> **WHAT TO PRODUCE**
Set down the data below without change, skipping the pictures it holds.

> **Saved entries**

━━━━━━━━━━━━━━━━

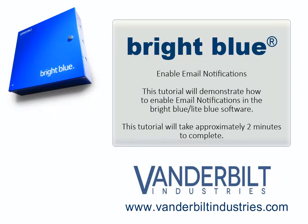This tutorial will demonstrate how to enable email notifications in the Bright Blue or Light Blue software. This tutorial will take approximately two minutes to complete.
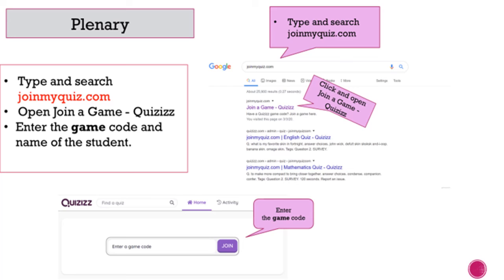Here is your plenary. Type the answer at joinmyquiz.com. Open 'Join a Game' quiz and enter the game code. Hope everything is clear for you now. I hope that you know how to prepare a play script based on the story. Revise well, complete the tasks. Take care. Bye!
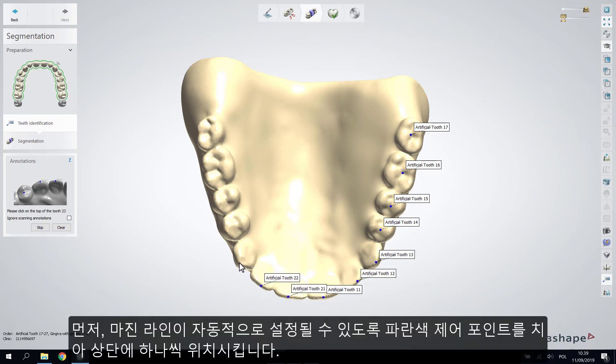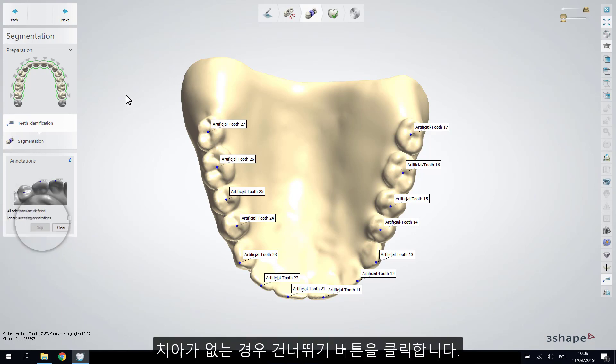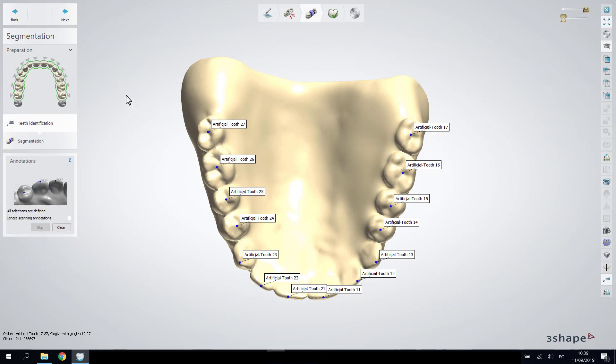The tooth identification sub-step lets you identify the teeth with annotation points. What you need to do is place a blue control point on top of each tooth one by one for the line to be set automatically. Choose the Skip button if the tooth is missing.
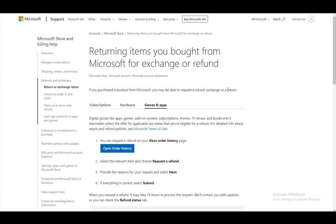In this video, I'll be covering how you can possibly return or refund games or other applications which you have bought on the Microsoft Store. So let's get right into it.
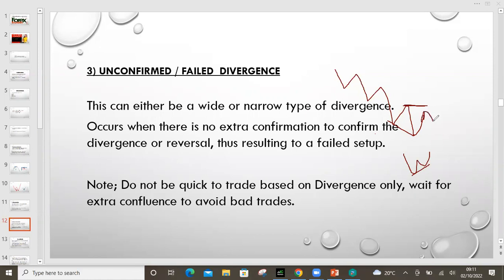So it gets there then decides it just wants to go back down. This type of unconfirmed or failed divergence is the third type, where there was divergence — yes it was okay on the chart, it was okay on the indicator — but when it came to the actual move, it did not meet the third part, which is breaking that high so that we can have a straight move into the top. And if you're on the buy side, of course we're going to see this better on the chart.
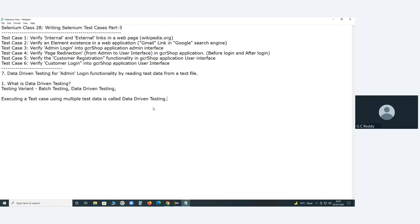In UFT there is also an internal file option — a built-in spreadsheet, not Excel but Excel-like. Using that, you can conduct data-related operations. But in Selenium, there is no built-in feature. So, executing a test case using multiple test data is called data-driven testing, and test data can be read from an external file.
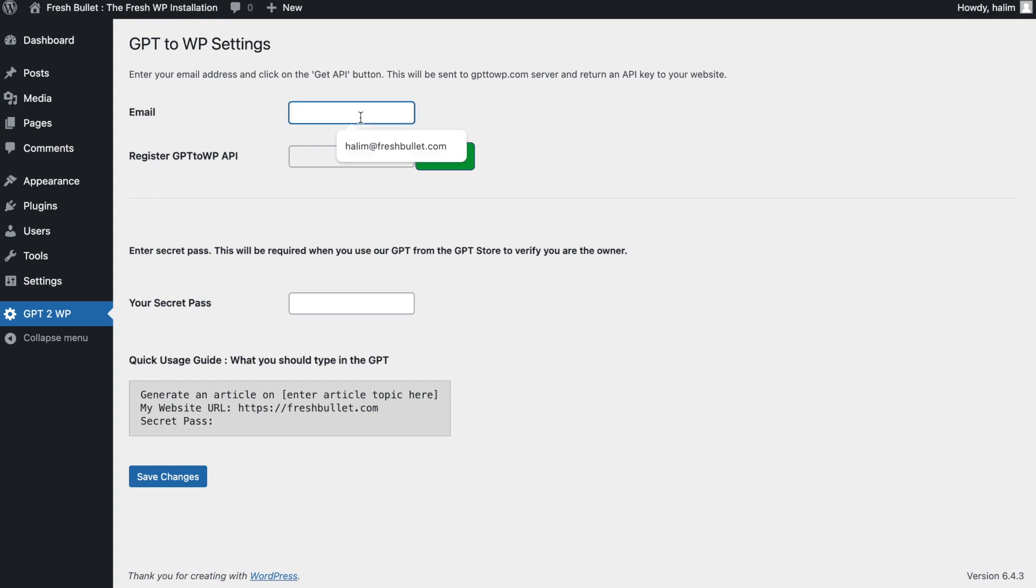First, you just need to enter your email and then click the get API button. This will register you to the system to securely connect to your website.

━━━━━━━━━━━━━━━━

> **EXPECTED ANSWER**
This tutorial will demonstrate how to enable email notifications in the Bright Blue or Light Blue software. This tutorial will take approximately two minutes to complete.
Here is your plenary. Type the answer at joinmyquiz.com. Open 'Join a Game' quiz and enter the game code. Hope everything is clear for you now. I hope that you know how to prepare a play script based on the story. Revise well, complete the tasks. Take care. Bye!
The tooth identification sub-step lets you identify the teeth with annotation points. What you need to do is place a blue control point on top of each tooth one by one for the line to be set automatically. Choose the Skip button if the tooth is missing.
In this video, I'll be covering how you can possibly return or refund games or other applications which you have bought on the Microsoft Store. So let's get right into it.
So it gets there then decides it just wants to go back down. This type of unconfirmed or failed divergence is the third type, where there was divergence — yes it was okay on the chart, it was okay on the indicator — but when it came to the actual move, it did not meet the third part, which is breaking that high so that we can have a straight move into the top. And if you're on the buy side, of course we're going to see this better on the chart.
In UFT there is also an internal file option — a built-in spreadsheet, not Excel but Excel-like. Using that, you can conduct data-related operations. But in Selenium, there is no built-in feature. So, executing a test case using multiple test data is called data-driven testing, and test data can be read from an external file.
First, you just need to enter your email and then click the get API button. This will register you to the system to securely connect to your website.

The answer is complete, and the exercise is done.